Landscape and Archaeological Assessment
Landscape Classification
This sheet represents a coastal lowland and offshore banks landscape, characterised by Norfolk coastal strip, ports, dunes, marsh-edge settlements and North Sea sandbanks.
Archaeological Landscape
The primary archaeological theme is Norfolk coast, landing, port, sandbank, coastal erosion and wetland-edge archaeology.
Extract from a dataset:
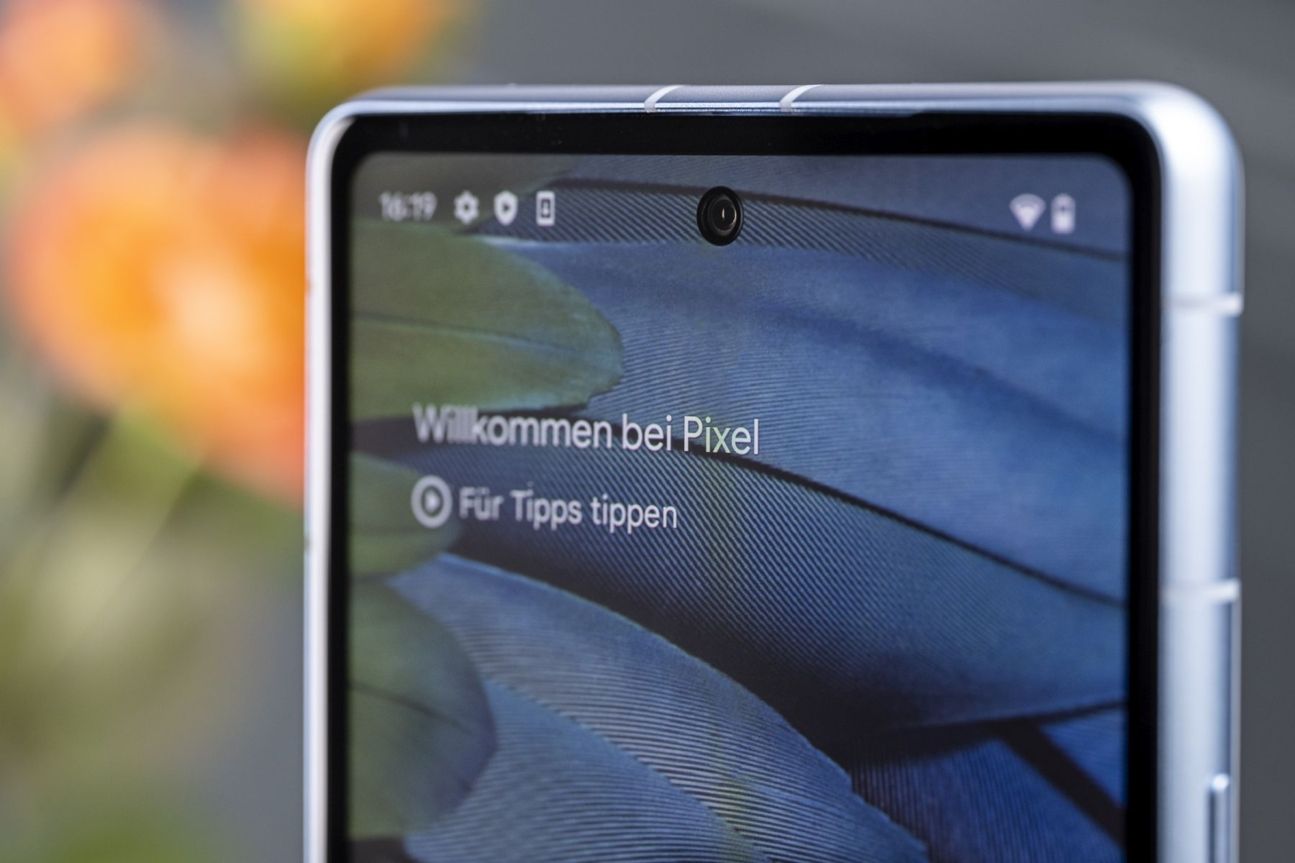 pixel-7a-display-close Pixel 7a Frontkamera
Enhanced prediction from Roman-road, ridgeway, hillfort/enclosure, villa/estate, road-convergence, coastal, marsh-edge and river-crossing logic.
High Visibility Locations
Great Yarmouth/Lowestoft Coastal Port Belt, Norfolk Sandbank/Shipwreck Zone
Terrain Archaeology
The terrain is interpreted using
hachures.
Relief is represented by hachures, allowing inference of ridgeways, high points, spur ends, valley approaches and likely route/crossing logic.
Main Geographic Information
Sheet LXVII N.W. / N° LXVII N.W. is visible in the upper-right margin and sheet number 67 is visible at lower-left. The sheet is a coastal / marine quarter-style sheet dominated by the Norfolk-Suffolk coast, Great Yarmouth, Lowestoft, Breydon Water, Yarmouth Roads and offshore shoals. Bounds are reconstructed from visible geography and adjacent Sheet LXVI relationship; engraved graticule labels are faint or not reliably readable.
Main Landscape Features
Sheet 67 shows a mixed area of coastal lowland and offshore banks Norfolk coastal strip, ports, dunes, marsh-edge settlements and North Sea sandbanks . The map is useful for studying early 19th Century historic settlement patterns, Roman road alignments, early archaeological site indentification, how roads, old tracks, lanes and paths, villages, waterways and field systems related to the wider nineteenth-century landscape.